Healthcare is witnessing the dawn of a new era, one in which ambient listening technologies make it easier for providers to document care for their patients and complete, check, and lock their medical notes more quickly than ever before.
But just as dawn is only the beginning of the day and there are many hours ahead, ambient listening and AI-powered medical scribes display amazing promise while still needing finetuning in order to improve their skills.
The culture of safety behind Sunoh.ai
The developers and product experts behind Sunoh.ai medical scribe understand that any new (or existing) technology must be guided by human judgment and repeatedly tested for accuracy and effectiveness.
That’s why Sunoh.ai was created with both clinical usefulness and patient safety in mind. From design to implementation, Sunoh’s ambient listening technology focuses on accurately transcribing and summarizing the content of the patient-provider encounter while avoiding common pitfalls that can characterize some AI-powered solutions.
As Jay Anders, M.D., Chief Medical Officer at Medicomp Systems, noted in a recent column for Physicians Practice: “AI-powered ambient listening – though very promising – has a way to go in terms of creating accurate, verifiable and reliable documentation.”
Let’s look at ways that Sunoh.ai sets an industry standard for safety and security.
Patient data is not shared outside Sunoh.ai
Many AI-powered products these days — including many educational tools — are trained on data, and lots of it. Developers and organizations don’t always check to see that they are legally permitted to use the data they are feeding into their models and may not prioritize the privacy and security concerns of the individuals whose data they are using.
Sunoh.ai is different. What happens in Sunoh stays in Sunoh. Data is stored in a private cloud run by Microsoft Azure® and is never shared outside the application. Nor is patient data used to train Sunoh.
This strict “no-share” policy is designed to protect the privacy of patients and limit use of patient data to the physician and other authorized parties.
Steps to verify the identity of every patient
In order to ensure that each encounter’s information is associated with the correct patient, Sunoh starts with two-factor authentication. Physician users must log in and verify their identity with a code sent to their smartphone or an email link.
Once the physician accesses Sunoh, the application requires confirmation of the patient’s first and last names and date of birth.
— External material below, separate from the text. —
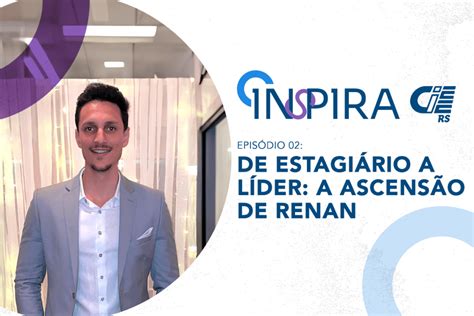 Inspira CIEE RS 02 De estagiário a líder a ascensão de Renan Blog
And if a practice has multiple patients with the same name and date of birth — which is surprisingly likely in many large systems — the user is prompted to check photos and other demographic information to confirm the identity of the specific patient being seen.
Prompts to ensure providers review their notes
Once Sunoh generates a summary for an individual patient-provider encounter, the program prompts the provider to review the chart, make any necessary edits, and save it.
While Sunoh achieves a high degree of accuracy in capturing clinical details, no AI program is perfect, and the draft clinical notes Sunoh produces must always be reviewed by a qualified medical provider to ensure accuracy and safeguard patient safety.
What happens after the patient encounter
When it comes to what happens to Sunoh data after an encounter takes place, there are two key points to emphasize.
First, it should be clear that the “no share” policy regarding Sunoh data extends the entire length of the patient journey. Data isn’t used by anyone other than the provider for treatment of that patient. It isn’t shared with any vendor. It isn’t used for training or learning purposes.
Second, the Sunoh recording and summary are deleted after seven days. The only portion that is saved is the clinical note as reviewed and edited by the physician.
That information becomes part of the patient’s record in the EHR and serves as the only permanent record of what took place during that encounter. If the physician — or another authorized medical provider who deals with that patient at some point in the future — needs to make edits, add information, or otherwise alter the record, they must do so in the EHR.
That process ensures that the patient’s permanent record in the EHR serves as the “single source of truth,” thus avoiding conflicting information, diagnoses, or prescriptions, any one of which could conceivably lead to patient harm.
Safety standards in the software development lifecycle
Safety is the first consideration at every stage in the development, deployment, and enhancement of Sunoh.ai medical scribe. Sunoh’s developers follow strict design standards throughout the software development life cycle (SDLC).
Clinical Informatics and Patient Safety specialists — including trained medical clinicians — regularly review Sunoh.ai to ensure that usability and patient safety go hand in hand.
The result is a product that is easy to use, with easily edited notes that can be completed quickly and accurately, thus achieving the dual purpose of comprehensive documentation while reducing cognitive load on physicians and saving them time and money.
And when it comes to training and improving Sunoh, developers use dummy data that accurately reflects real-world clinical data without ever using actual patient data or placing such data at risk in any way.
HIPAA and other administrative compliance
In addition to safety procedures throughout the SDLC, Sunoh implements business associate agreements with users as required under the Health Insurance Portability and Accountability Act (HIPAA), as well as all administrative, physical, and technical safeguards required by that legislation. And Sunoh uses industry-standard encryption and security protocols.